Assignment => What's needed is an exact copy of the lines from the one that contains "Reliant Plumbing Colorado Springs" to the end of the data below, leaving the pictures out.

Provided material =>
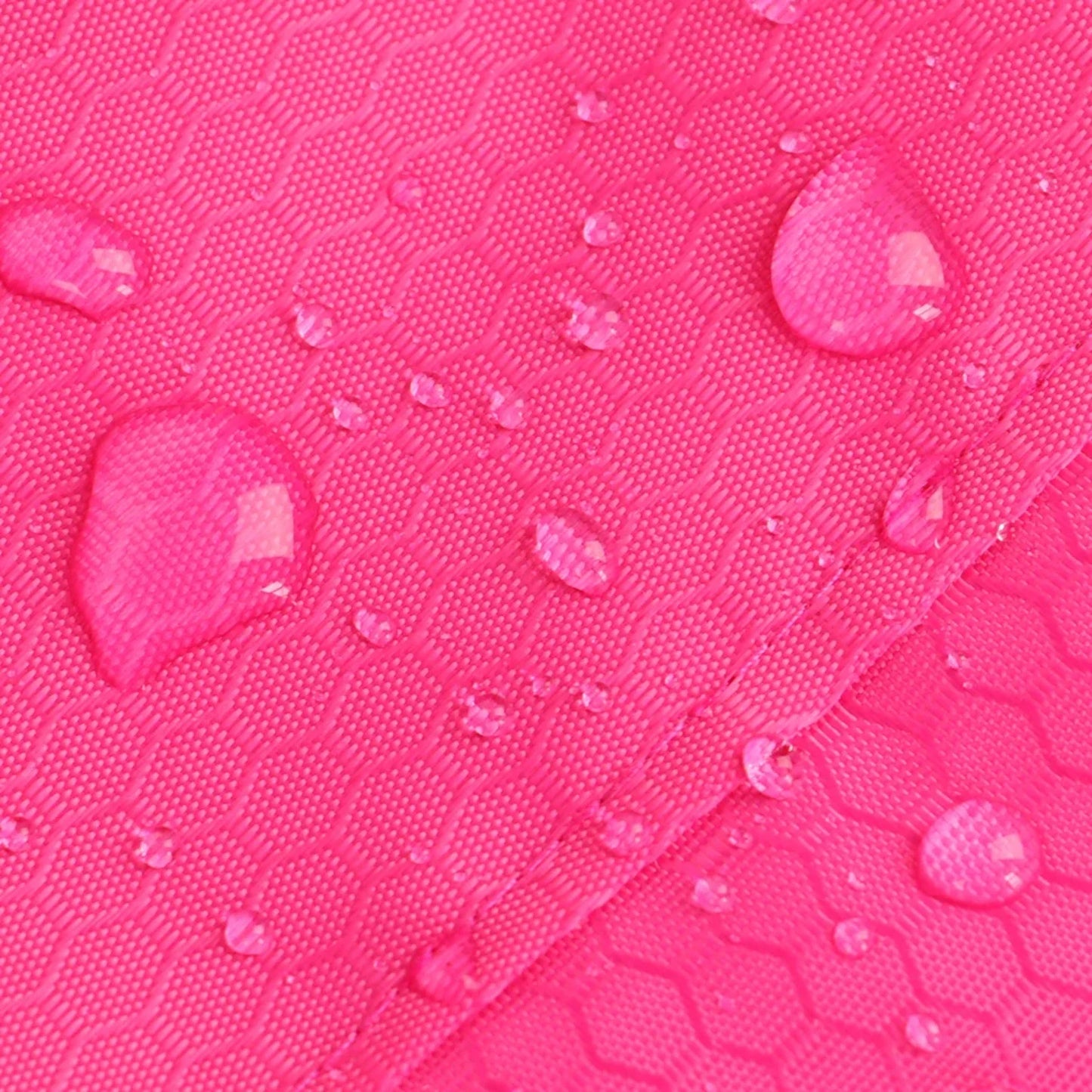 Guangdong Mesh Breathable Small Dog Raincoat With Hood Reflective Pocket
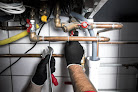 Reliant Plumbing Colorado Springs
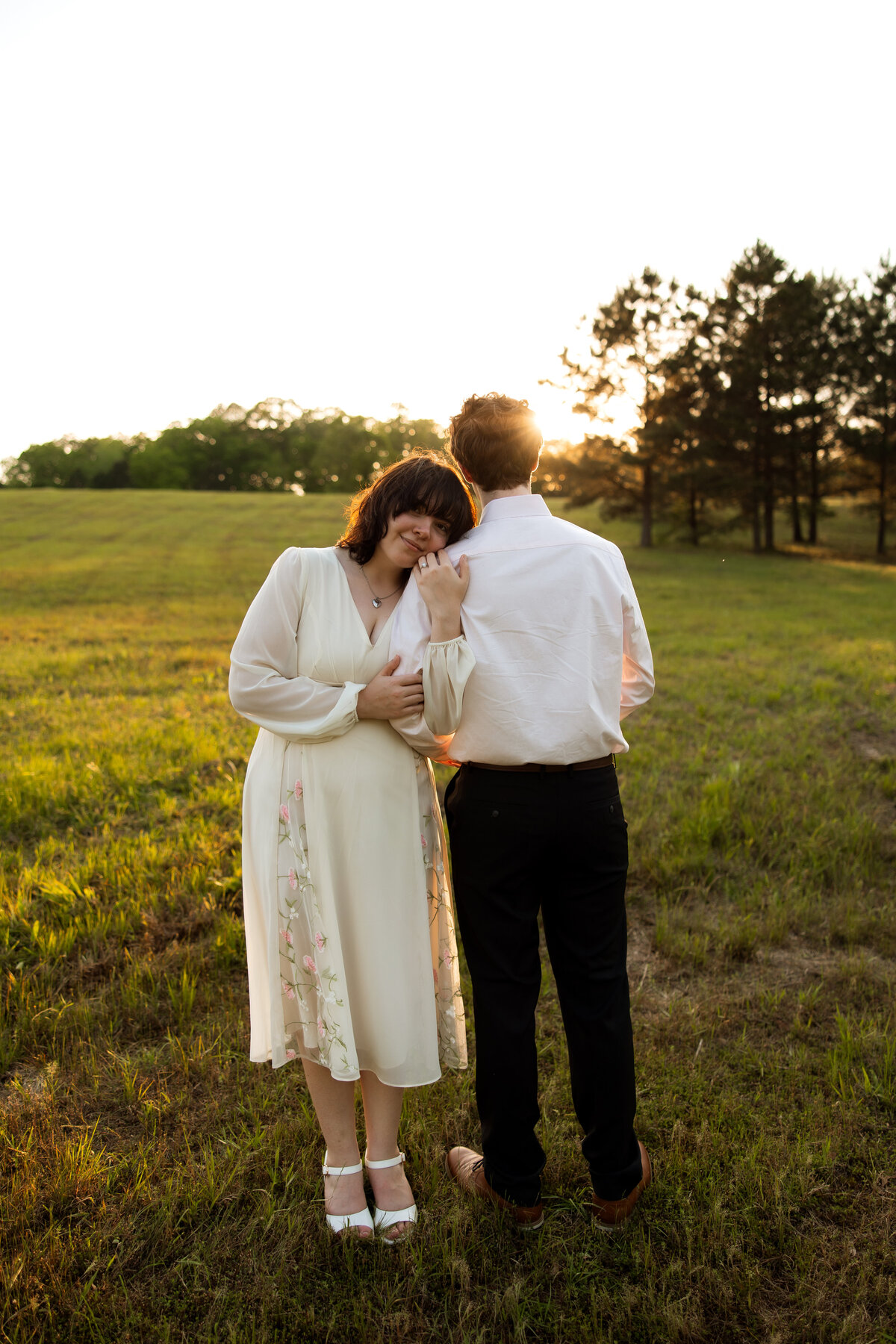 MadisonMcKenziePhotography-106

Exercise result =>
 Reliant Plumbing Colorado Springs
 MadisonMcKenziePhotography-106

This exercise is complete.